In short, Harden played like the guy the Thunder thought it was getting at the No. 3 spot in the 2009 NBA Draft, and he did it within the current role he has on the team. And, perhaps not coincidentally, Oklahoma City finally had the laugher win over a bad team that contending squads are supposed to have often.
Harden’s stat line stands out: 6-8 shooting, including 2-3 from behind the arc. Three assists against one turnover. Twenty-one minutes. Three dimes and three boards for good measure. He can’t be expected to shoot percentages quite that high on a nightly basis, but the way he played, and the way Oklahoma City played with him, makes you think that the player everyone hopes he can be could be a little closer to appearing on a more regular basis.

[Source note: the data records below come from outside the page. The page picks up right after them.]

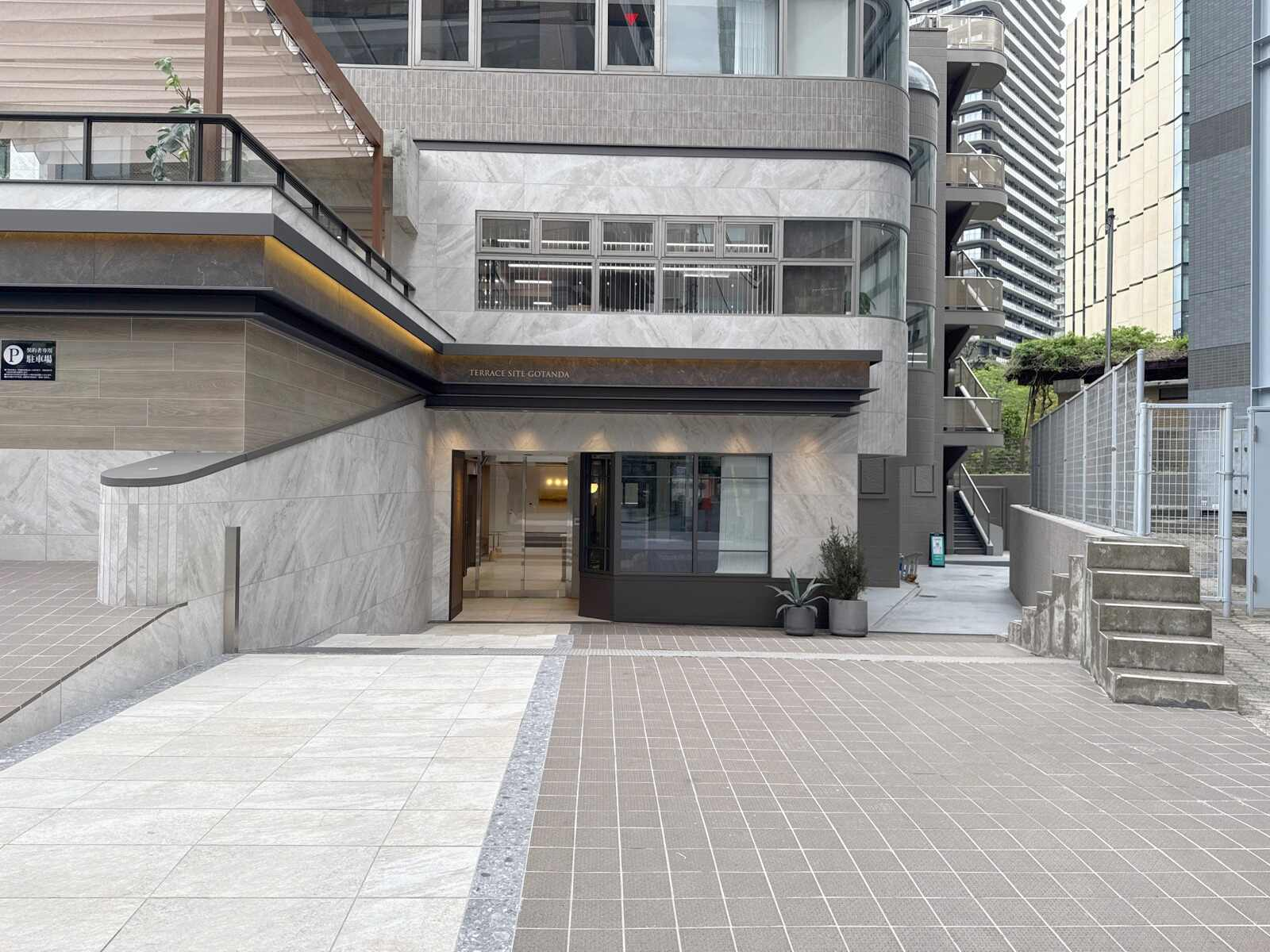 TERRACE SITE GOTANDA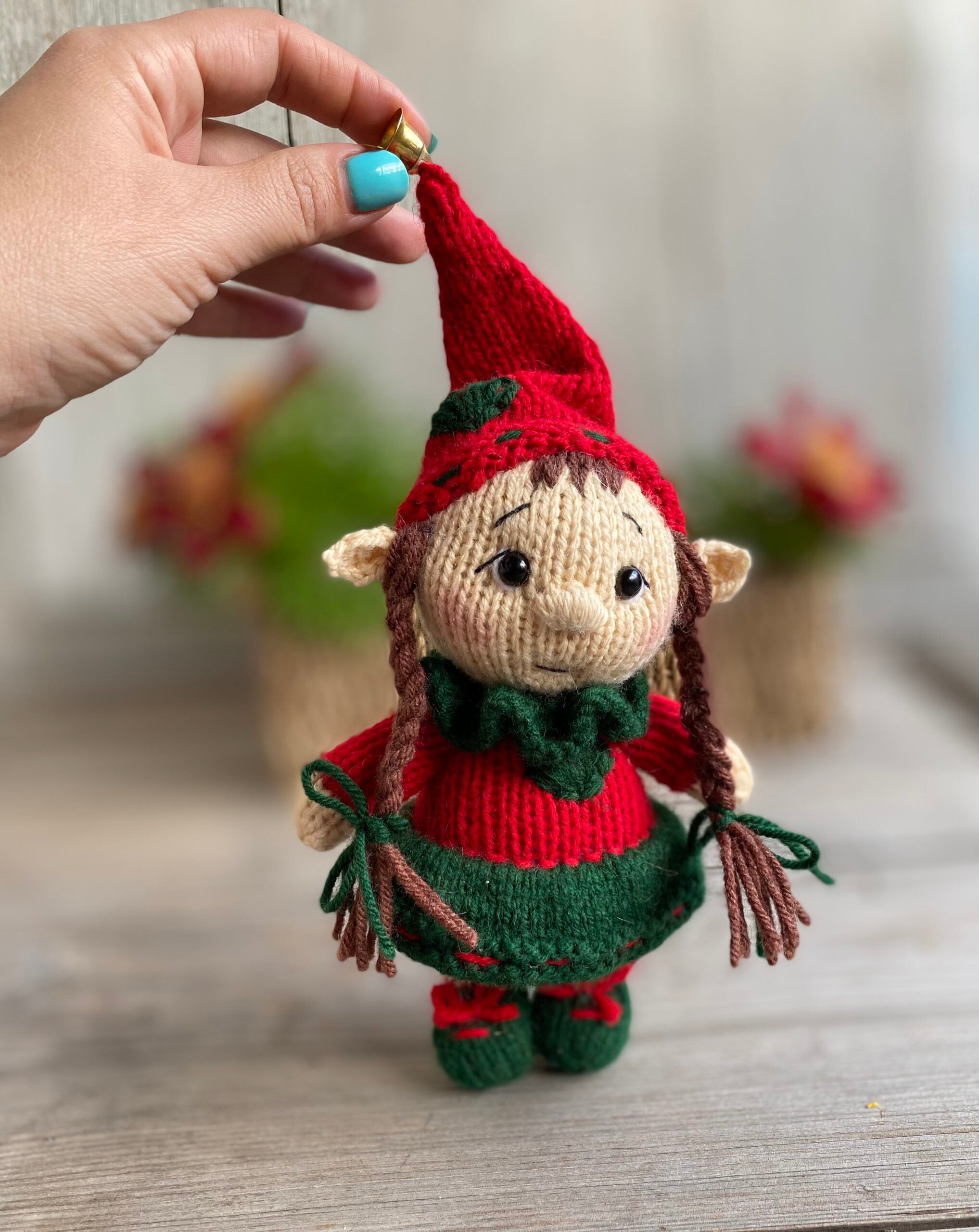 Elves Knitting Pattern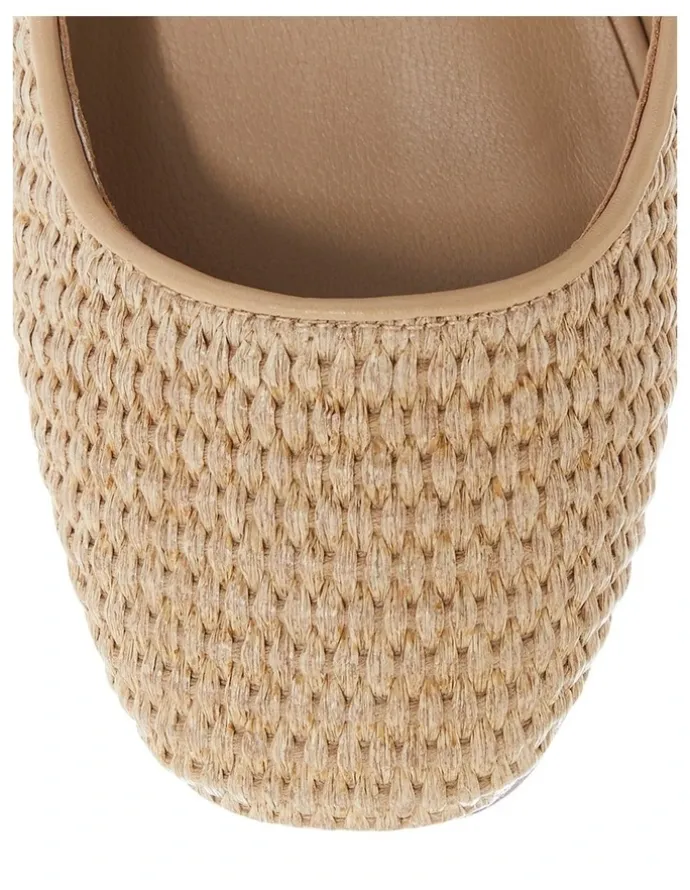 Marcs Tottie Flat Shoes in Natural Raffia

It was just one game. And there have been others at least close to it — the aforementioned Milwaukee game and his 14 points on 50 percent shooting against the Spurs in a loss on Nov. 14 come to mind. But this was the first in a win and with Harden as the sixth man. And it wasn’t just what he did, but how he did it.
Take the dunk on Hickson as the first and best example. I had a good angle on the run he made from where I sat Sunday behind the basket where he collected the defensive rebound to begin the play. He corralled the shot and immediately put the ball on the floor. All five Cavs were further north on the court than he was, but he had a more-or-less direct path to the basket as long as he stayed on the left hand side. It seemed to be a slow-developing drive, even though he was basically sprinting up the court. There was plenty of time for me to think. Hey, we’ve got a break here. He should keep driving. He’s got a chance to take this to the hole. Keep going, James, I like the aggressiveness. I think he might dunk it. Hey, he IS going to dunk it. OH MY GOODNESS I AM STANDING AND YELLING BECAUSE THAT JUST HAPPENED.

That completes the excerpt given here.